Sur son blog, le Dr. Dominique Savary nous rappelle que, outre le plan blanc, le plan rouge alpha a été mis en œuvre « un concept tactique formalisé en 2006, à la suite des attentats de Londres et Madrid » et qui porte sur l’extraction, le triage, la régulation et l’évacuation des blessés ainsi que sur les modalités du contrôle des blessures.
Activé aussi, le plan multisite, aussi appelé plan camembert avec un déploiement supra-régional des moyens médicaux (nous avons vu que 45 équipes étaient mobilisées sur les différents sites).
Le Dr Savary remarque aussi 3 aspects essentiels de ces secours : l’engagement citoyen des personnels médicaux et paramédicaux – l’adaptabilité intrahospitalière des différents acteurs et la gestion des vecteurs de transport, le tout mis en œuvre sans dogmatisme. L’ensemble est considéré comme un véritable succès.

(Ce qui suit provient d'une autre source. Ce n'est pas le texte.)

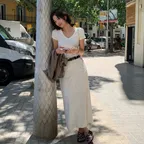 [29CM 단독][한겨레 PICK] SIST9035 나일론 반밴딩 스커트_Off-white
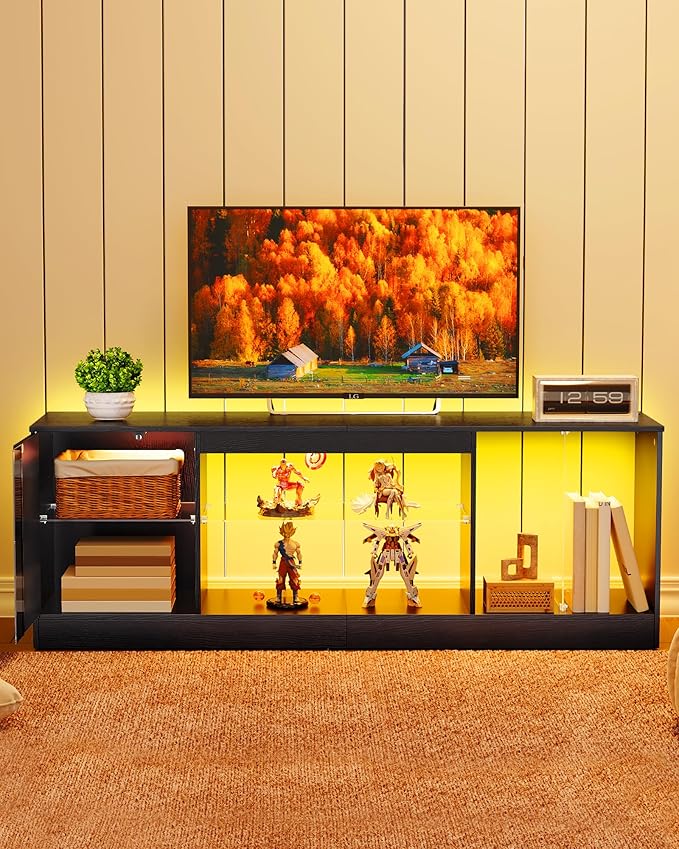 TV Stand with Power Outlets 55 65 inch, Modern Entertainment Center with - Image 7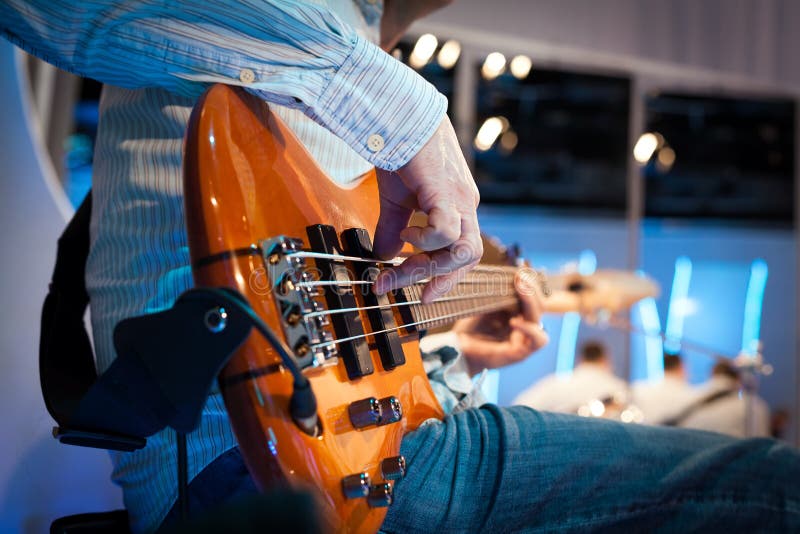 Playing Electrical Bass Guitar Stock Photo Image of grunge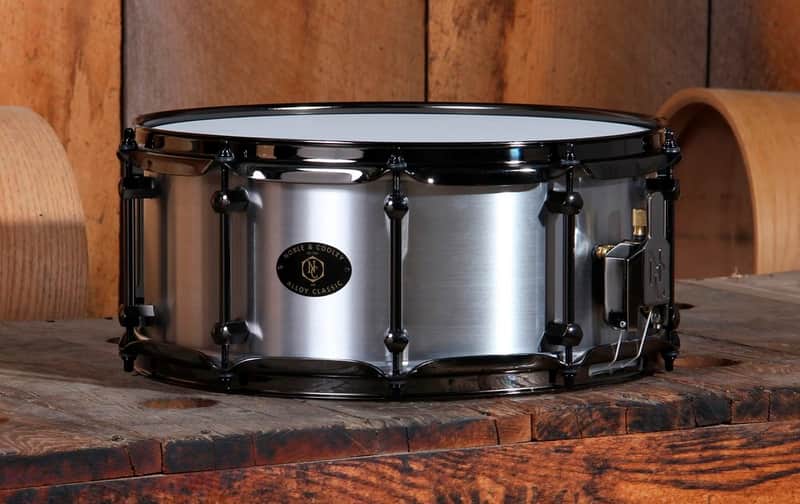 Noble & Cooley *Pre-Order* Alloy Classic 6x14" Cast Aluminum Snare Drum Raw with Protective Coating & Black Hardware | Made in the USA | Special Order | Authorized Dealer image 1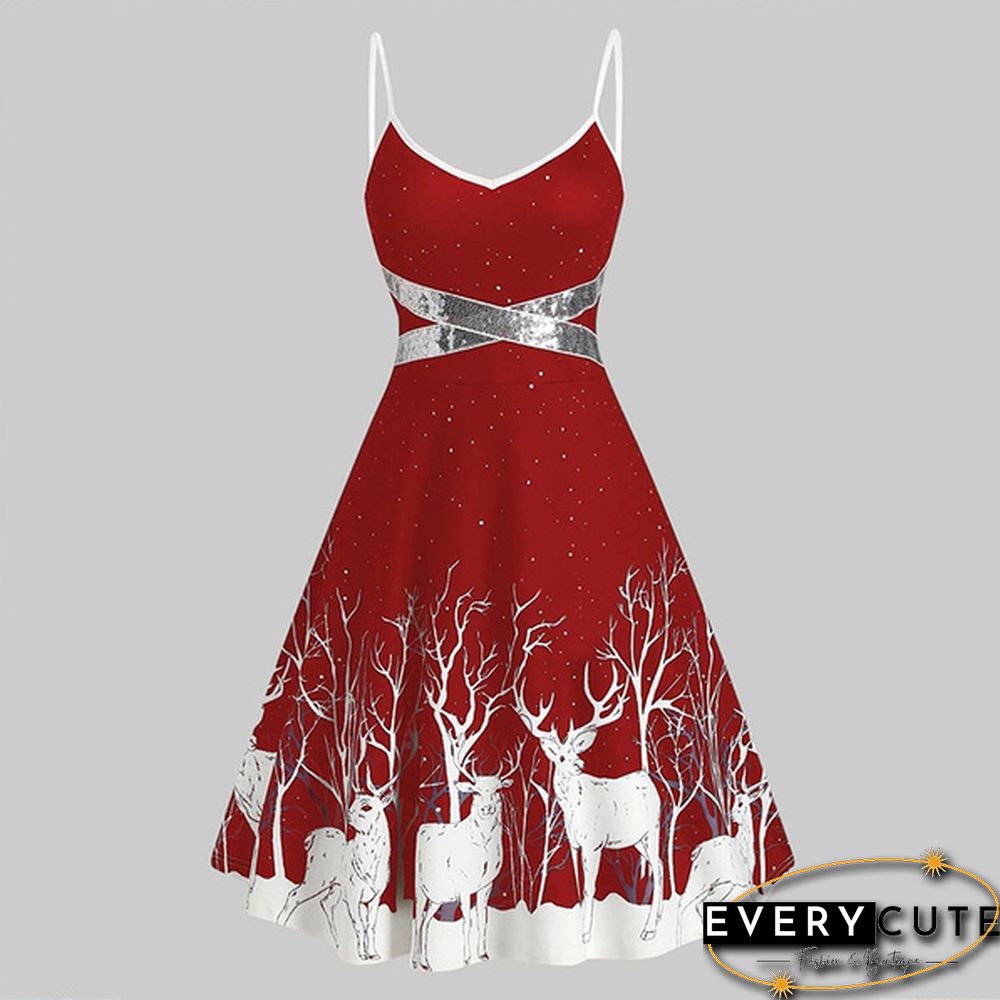 Christmas Print Sequin Patchwork Sleeveless Dress Santa Xmas Deer Skater Party Dresses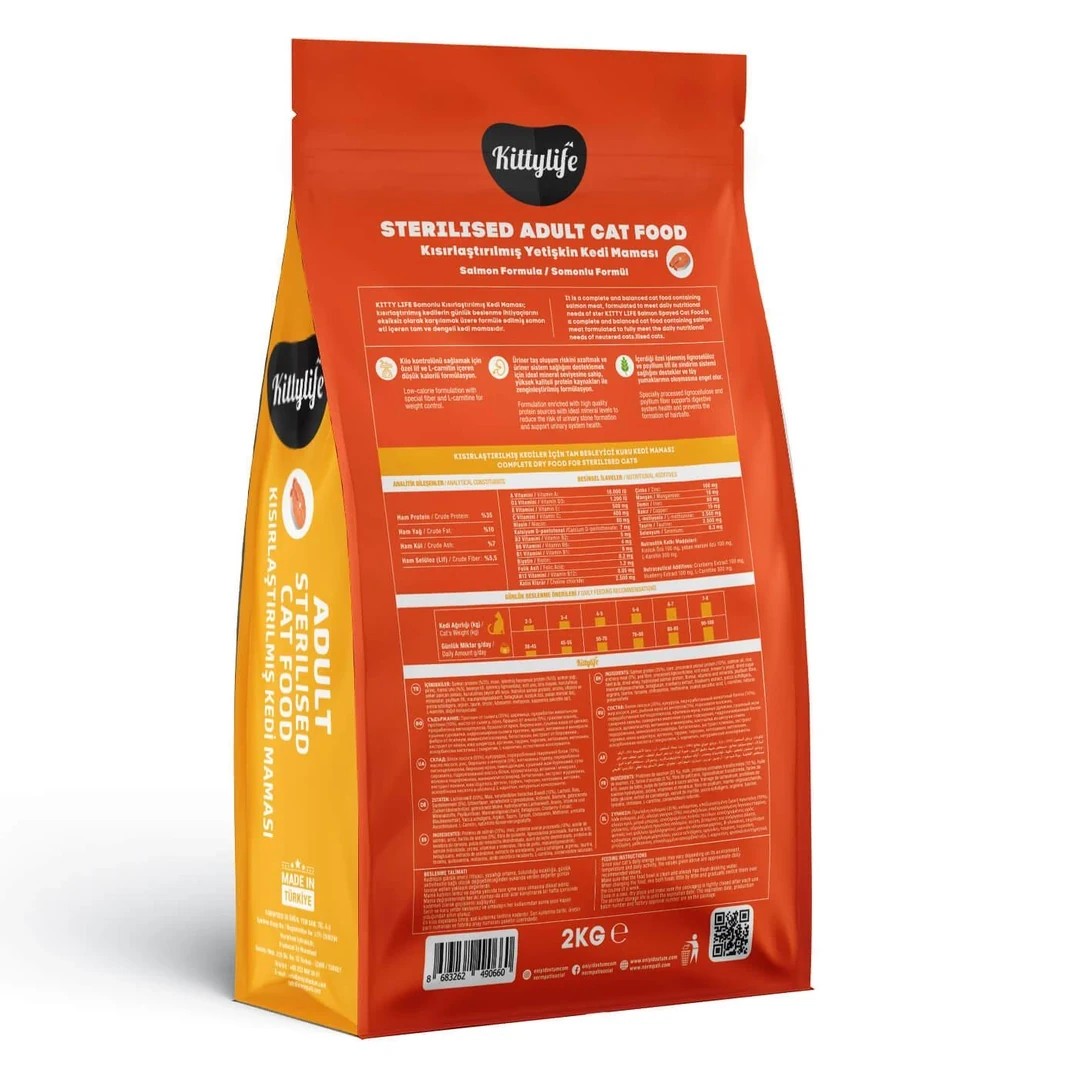 Kittylife Somonlu Kısırlaştırılmış Yetişkin Kedi Maması 2 Kg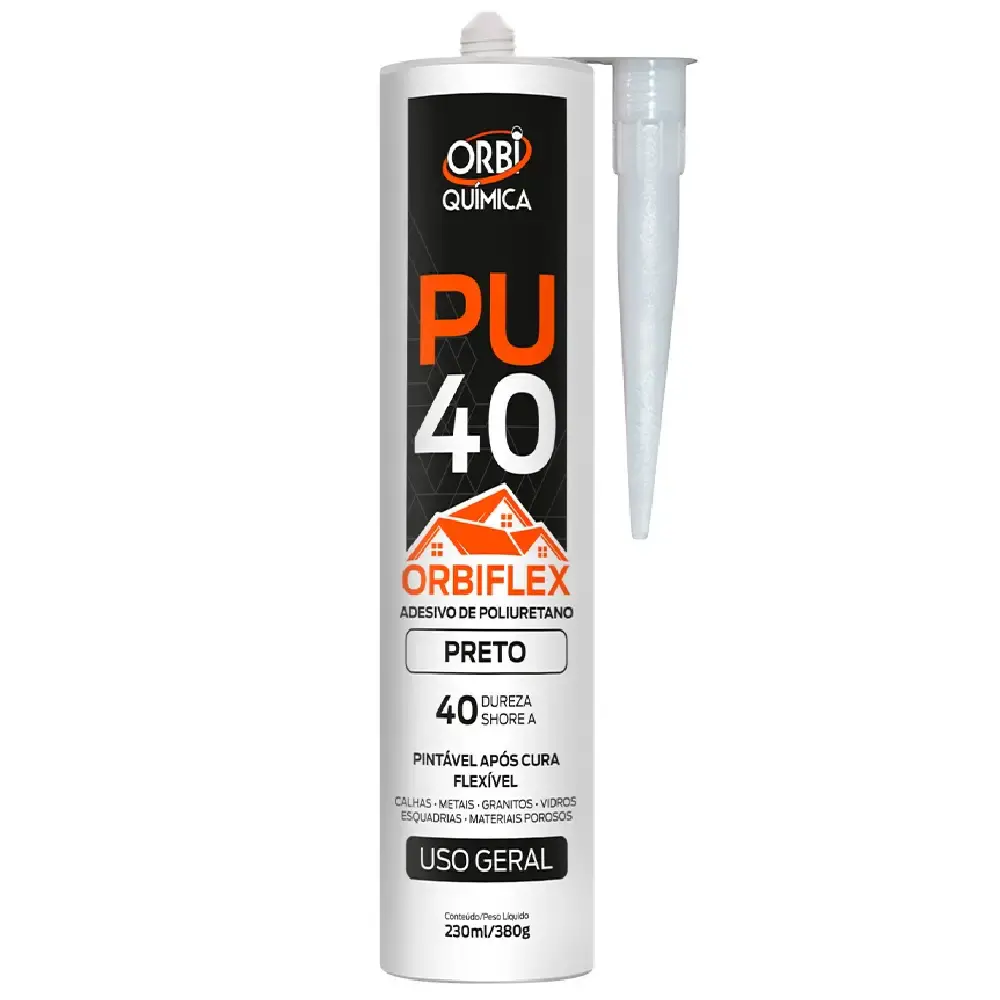 Silicone uso geral PU 40 preto 230ML 17786 Orbi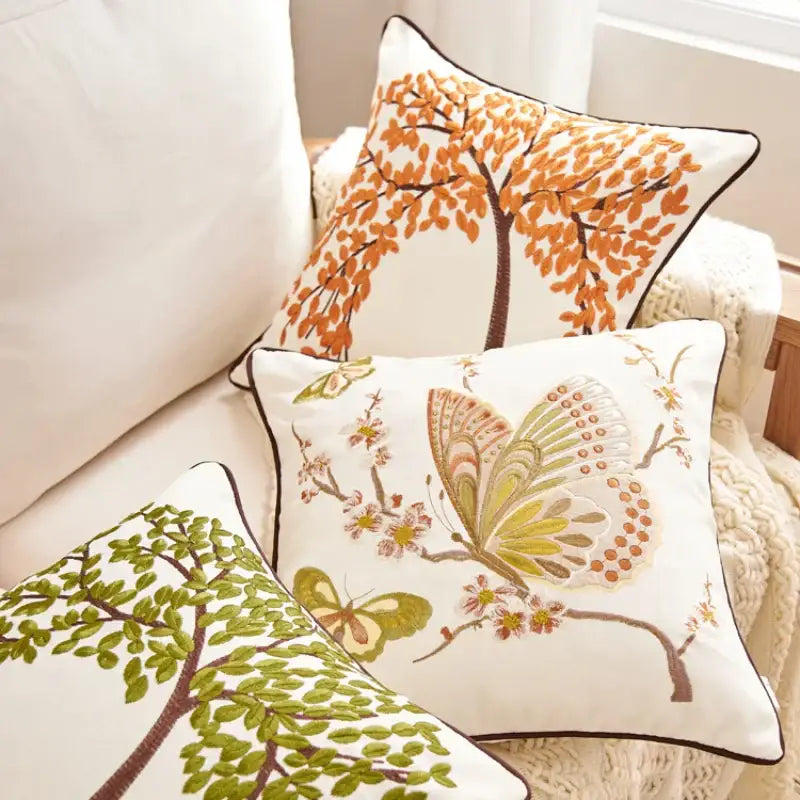 Embroidered tree cushion cover set for living room sofa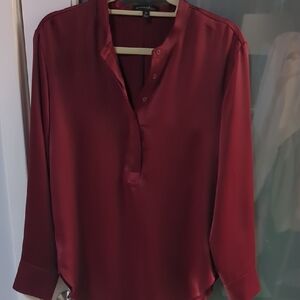 Banana Republic Red 3/4 Sleeve Mandarin Collar Blouse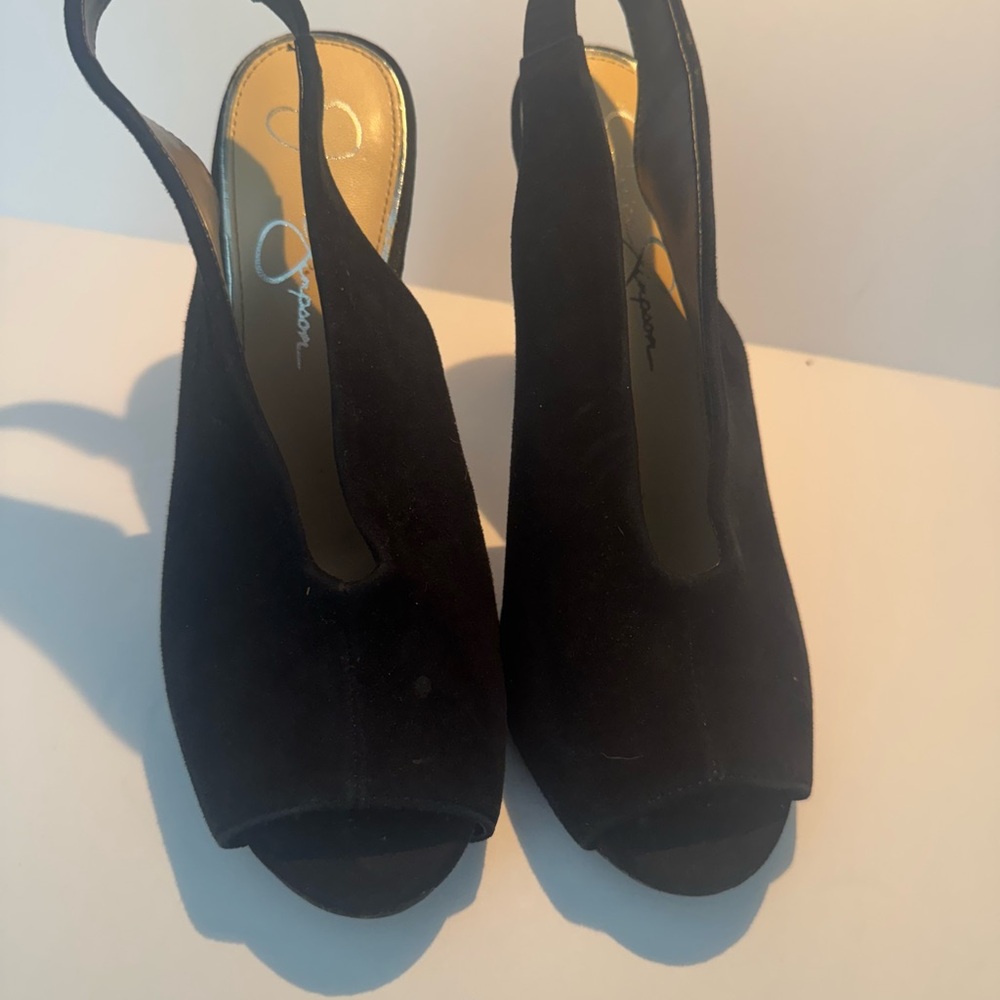 Jessica Simpson Black Suede Slingback Heels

The medical response to multisite terrorist attacks in Paris
Martin Hirsch, Pierre Carli, Rémy Nizard, Bruno Riou, Barouyr Baroudjian, Thierry Baubet, Vibol Chhor, Charlotte Chollet-Xemard,
Nicolas Dantchev, Nadia Fleury, Jean-Paul Fontaine, Youri Yordanov, Maurice Raphael, Catherine Paugam Burtz, Antoine Lafont, on behalf of the
health professionals of Assistance Publique-Hôpitaux de Paris (APHP)
Lancet 2015 ; 386 : 2535–38
L’article du Dr. Savary : Attentas de Paris, bilan des urgentistes. Medscape. 07 mars 2016.